もちろん従来のビデオゲームでもこれらのジャンルのゲームは存在していましたし、人気のジャンルでもありました。しかし、VRゲームにおいては②で触れた没入感が加わることで、遠く離れた人とも仮想空間内で実際に対面して、競い合ったり共同で問題解決に取り組んだりすることが可能です。
<⑥北米VR市場の変化と今後のVRゲーム>
ここまでVRゲームの長所について駆け足で確認してきましたが、今後のVRゲーム市場においてとくに重要になってくると考えられるのが⑤で触れたソーシャルコミュニケーションツールとしてのVRゲームです。
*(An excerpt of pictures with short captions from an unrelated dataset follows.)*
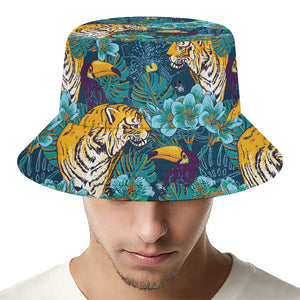 Tiger And Toucan Pattern Print Bucket Hat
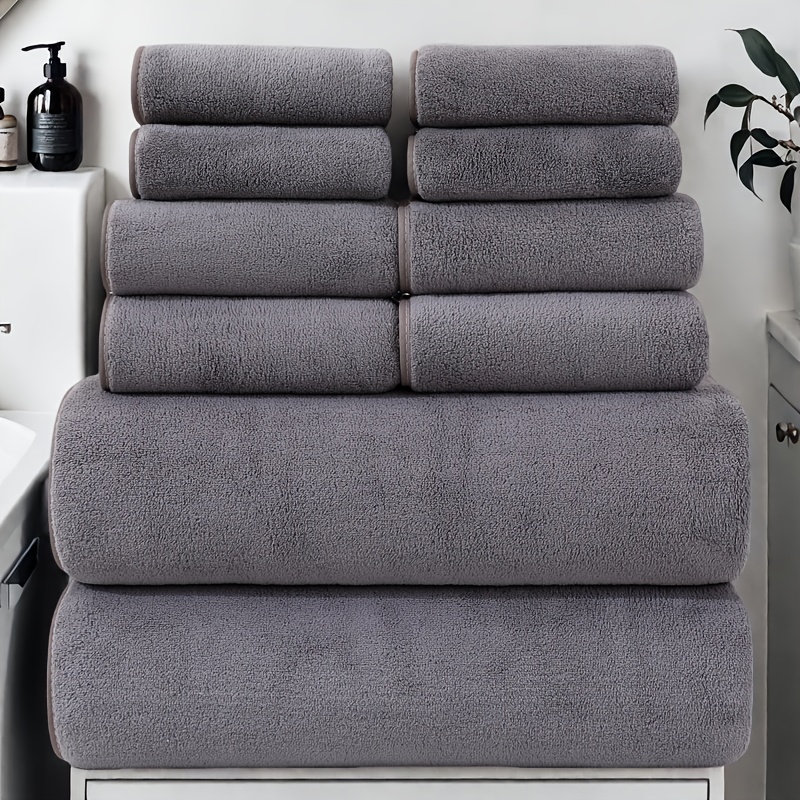 10pcs ultra bath towel set 2 bath towels 70 x 140 hand towels 42 x 70cm 4 washcloths 35 x 35cm quick absorbing lightweight and spa use camping christmas gift Product details 9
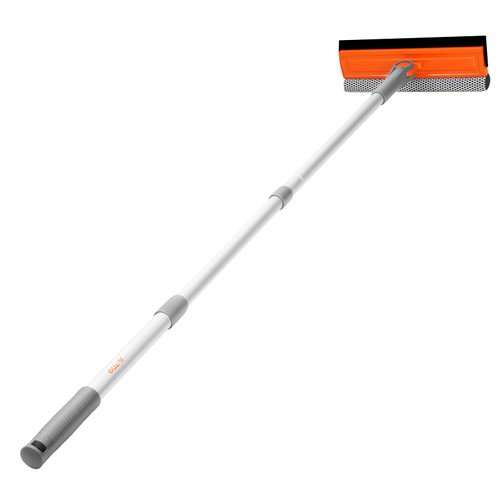 eazer Professional Window Cleaner Tool, 2-in-1 Rotatable Squeegee for Window Cleaning Kit, Window Washing Equipment Kit with Threaded Extension Pole(20''-46'') for Shower/Windshield.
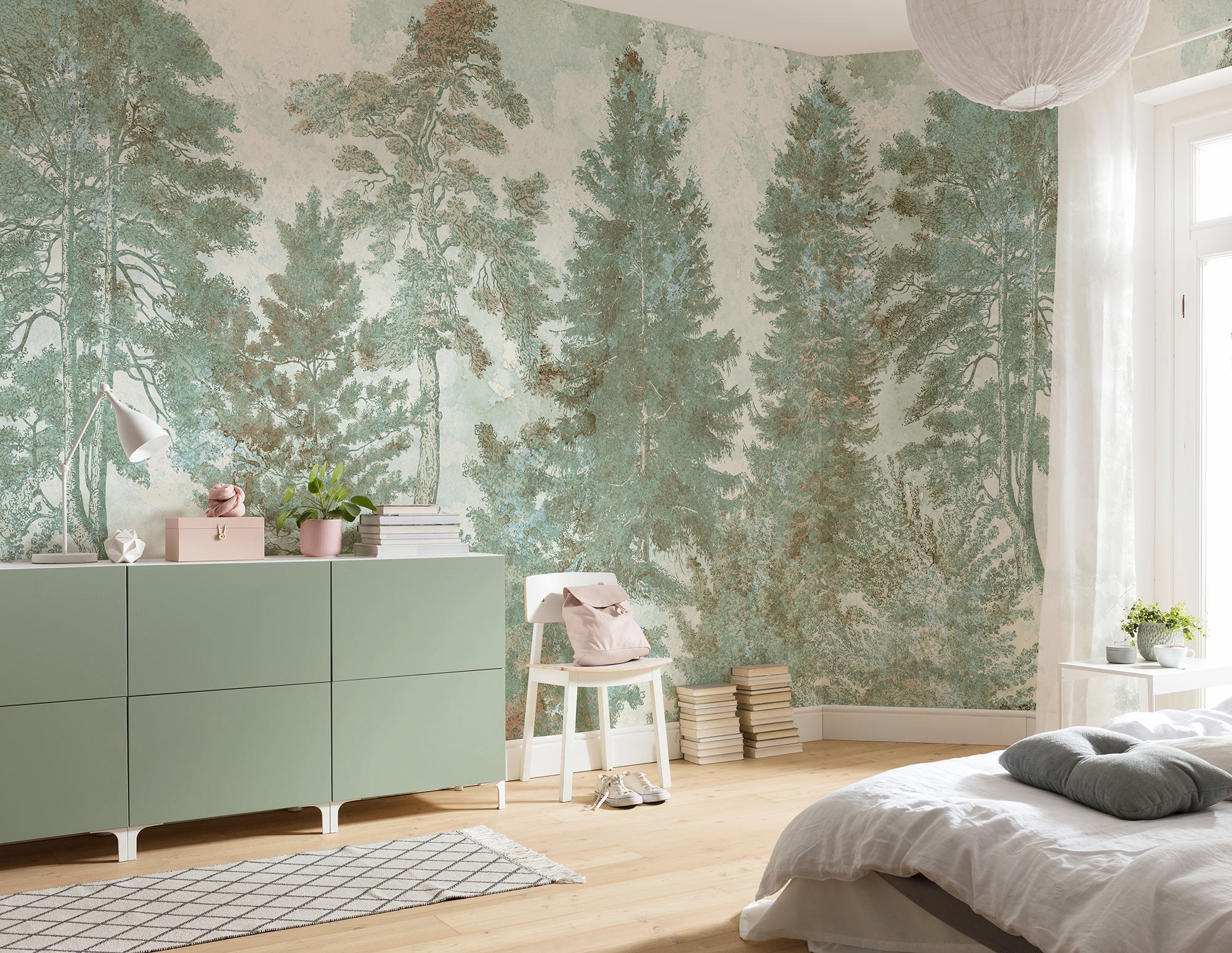 Komar Fototapete »Digitaldruck Vlies - Pale Panoramic - Grösse 400 x 250 cm«, bedruckt-floral-geblümt-gemustert-tropisch, Wohnzimmer, Schlafzimmer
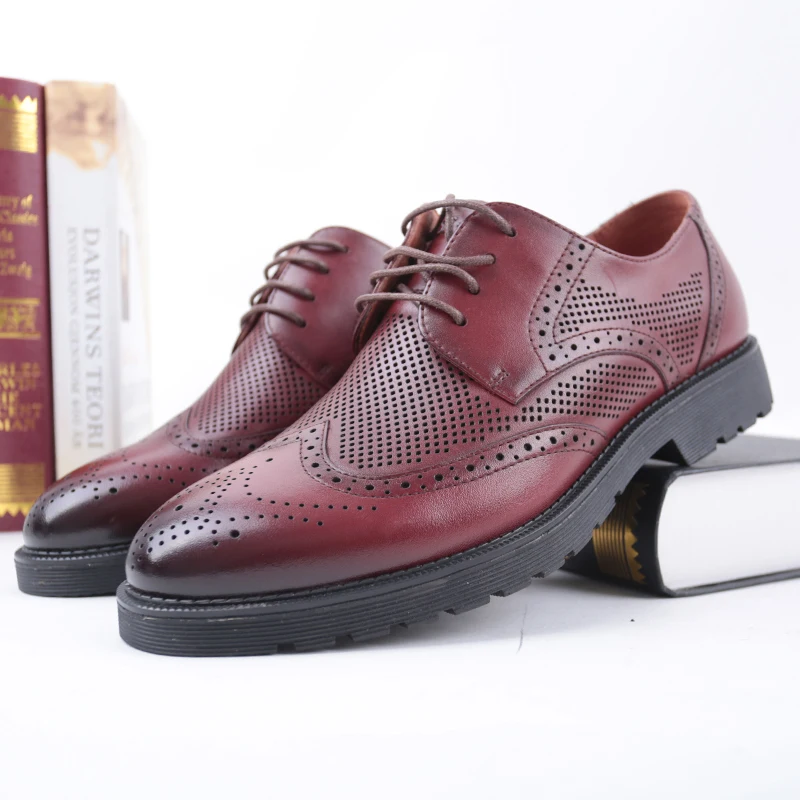 SHUANGFENG New 2018 Men Casual Shoes Genuine Leather Summer Breathable Holes Luxury Brand Lace up Man Footwear | Обувь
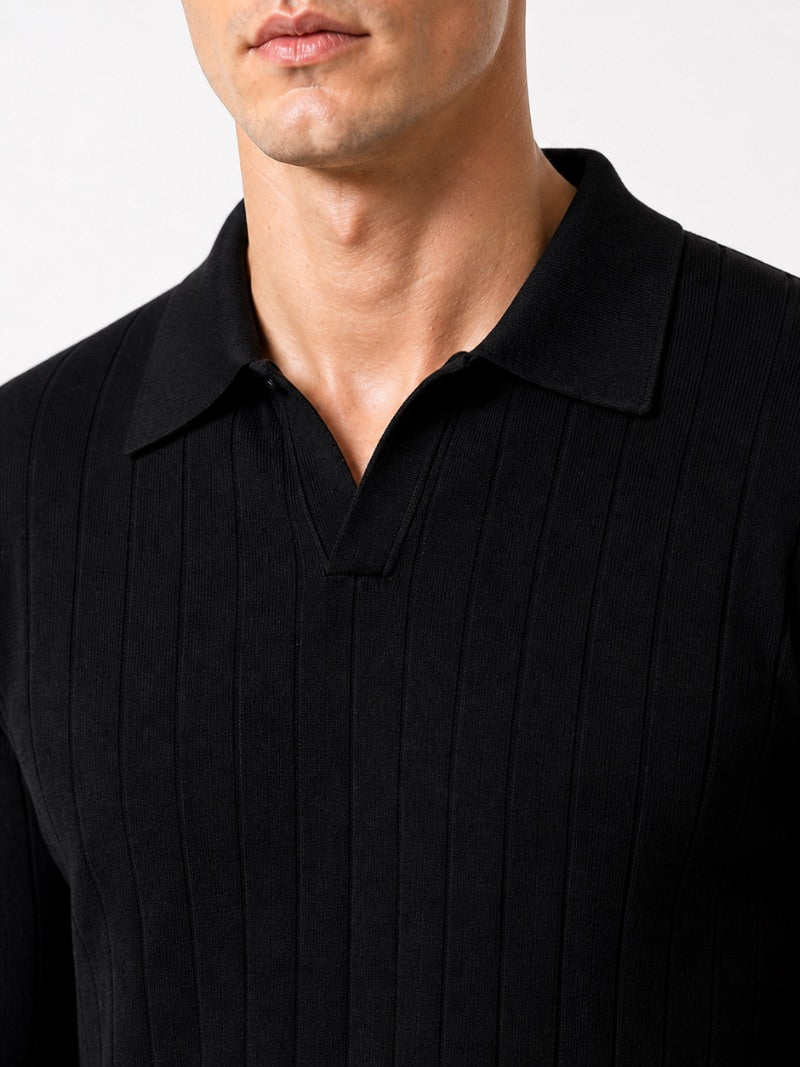 Men’s Long Sleeve Jacquard Knit Polo Shirt Solid Colour Classic Spring Top for Business Casual Wear and Summer Vacation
今年の9月、米国のデータサイエンティスト、ジャック・ソスロー氏のX(旧Twitter)へのポストが話題となりました。
VRやARにおいても従来同様ソーシャルがキラーアプリとなるという主張とそれを裏付けるデータです。2019年6月の時点ではVRゲームのトップ16に占めるソーシャルVRアプリはわずか1本でしたが、2023年の9月にはトップ4の内3つが、トップ13の内7つが、実質無料(F2P)のソーシャルVRとなっていること、10代のVRユーザーが増加していることなどを取り上げ、ソーシャルVRに注力するべき理由を述べています。
(https://x.com/JackSoslow/status/1704238602904064148?s=20)
従来のVRゲームはコアゲーマーやガジェット好きのアーリーアダプター層が中心で、ひとりで楽しむシングルプレイのゲームが中心でした。しかし、現在北米のVR市場ではティーン層が急速に拡大しており、今後のVRゲームは彼らが好んでいる実質無料のマルチプレイゲームが主戦場となりつつあるのです。
<⑦まとめ>
このことから、現在のVRゲームの低迷は、シングルプレイ中心からマルチプレイ中心へとゲームスタイルが切り替わる中で、求められているゲームと供給されるゲームのずれからくる、売り上げの不振が原因のひとつであると考えることができます。
この状況に上手く適応したゲームとしてソスロー氏も取り上げているのが「Gorilla Tag」です。このゲームはプレイヤーは上半身だけのゴリラとなり、両腕を動かすことで移動して立体的なフィールドの中で他のゴリラたちとの鬼ごっこを楽しむという、ごっこ遊びの延長ともいえるマルチプレイ専用のゲームです。
このようにVRならではの体験と交流の場を提供することで、ティーン層にバーチャルな遊び場を用意する。今後のVRゲームはこのような方向に向かっていくのではないでしょうか。